Capcom has more than halved its annual net profit forecast, primarily citing the weaker than expected performance of its mobile contents business.
Also contributing to the Japanese publisher's downwardly revised guidance is a newly announced "special loss" of approximately five billion yen (£29.2m/$48.6m), which was categorised as "business structural improvement expenses".
For the business year ending March 31, Capcom has reduced its net profit forecast from 6.8 billion yen (£39.8m/$66.1m) to 3.3 billion yen (£19.3m/$32.1m). The revised figure is slightly greater than the 2.97 billion yen (£17.4m/$28.9m) net profit the company made in the previous fiscal year.
Capcom told investors: "Due to rapid changes taking place in the market for games, Capcom is building a sound base for earnings by reorganising the product development framework and improving development processes.
"These are two core elements of the company's operations. The objective of these activities is to earn consistent earnings in each fiscal year. However, these initiatives have not yet started to produce benefits mainly in the Mobile Contents.
"As a result, Capcom has decided to post business structural improvement expenses of approximately 5,000 million yen in consolidated, and approximately 4,300 million yen in non-consolidated forecast, following a comprehensive examination of prospects for recovering the cost of certain fixed assets."
Capcom did upwardly revise its annual sales guidance, from 97 billion yen (£567m/$943m) to 101.5 billion yen (£593m/$987m), citing "strong sales" of 3DS game Monster Hunter 4 and the pachislo title Monster Hunter Gekka Raimei.
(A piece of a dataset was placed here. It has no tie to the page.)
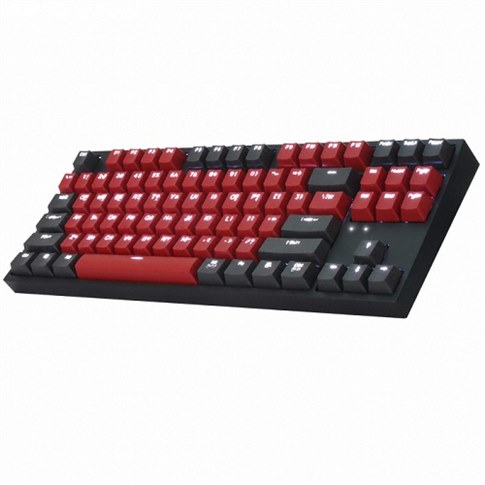  오늘자 COX 게이트론 LED 게이밍 기계식 키보드 S2 갈축! 따끈따끈해요!
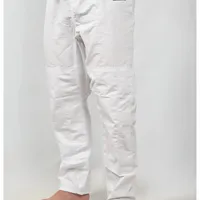Calça de Kimono Pro Branco - imagem 2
"On the other hand, the operating income and ordinary income forecasts have been lowered because of a decline in profitability," the firm said. "The primary reasons for this decline are below expectations of products in the highly profitable mobile contents and Monster Hunter Frontier G online game. The net income forecast has been lowered for these reasons as well as to incorporate the special loss explained in the previous section."